お断りしたはずなのに、過保護なSPに溺愛されています

守るための眼差し

午前10時過ぎ。
紗良は一階のガラス張りの会議室で、
若手の部下と広報資料のデザインや文章校正について意見を交わしていた。

「ここのコピー、もう少し柔らかい表現にしましょうか。
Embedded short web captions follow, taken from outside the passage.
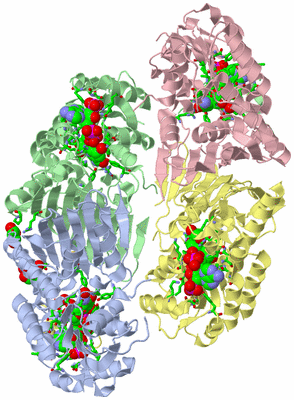 Image Asym./Biol. Unit - sites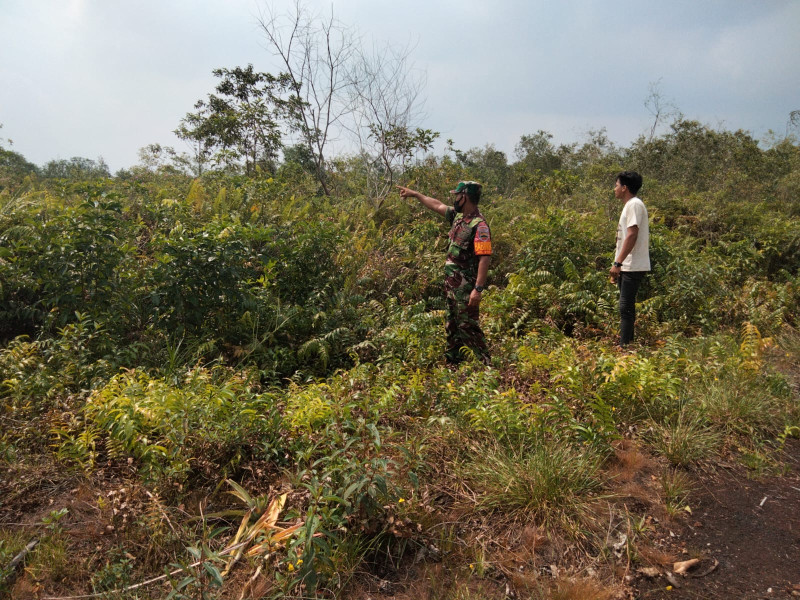 Pastikan Wilayahnya Aman Dari Karhutla, Sertu Sugianto Laksanakan Monitoring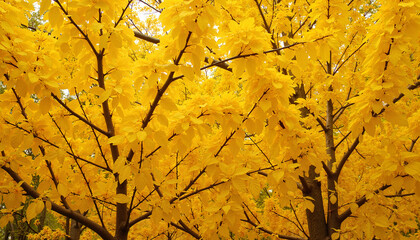 Bright yellow autumn leaves on trees creating a vibrant natural background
訴求力はあるんだけど、ちょっと固いかなって――」

そんな風にいつも通りの会話をしていたその時――
会議室の外、エントランス付近がざわついた。

何人かの社員が目を丸くしながら立ち止まり、
誰かが「警備呼んで」と声を上げるのが聞こえた。

視線を窓の向こうに向けると、怒号が響いた。

「お前らのせいで、俺たちは会社を潰されたんだ!」
「俺たちははめられたんだぞ!談合なんてしていない!差し向けたのはお前たちだろうが!」

中年の男が、受付の前で暴れていた。
髪は乱れ、顔は真っ赤に火照り、手には何かの書類のような束を握りしめている。

その瞬間――
松浦が、腕につけた小さなマイクに何かを素早く呟いたかと思うと、
会議室のドアの前にスッと移動し、紗良と出入り口の間に静かに立ちはだかった。

その表情は、普段の柔和なものとは一変していた。
一切の感情を排した冷静な顔に、鋭い眼差し。
目線の先には、騒ぎを起こす男の姿が正確に捉えられている。

(……あの松浦さんが、こんな目をするんだ)
紗良は一瞬、息を呑む。

数人の警備員が受付に駆けつけるのが見えた。
会社の社員が何人も足を止め、
エントランスに注目する中、
松浦のその静かな緊張感が、逆に周囲の空気をピリつかせていた。

紗良はまだ騒ぎが広がる前に、そっと部下に囁く。

「すみません、少しだけ中断させてください」

そして、松浦の背中を見つめながら、何が起きるのかを黙って見守った――。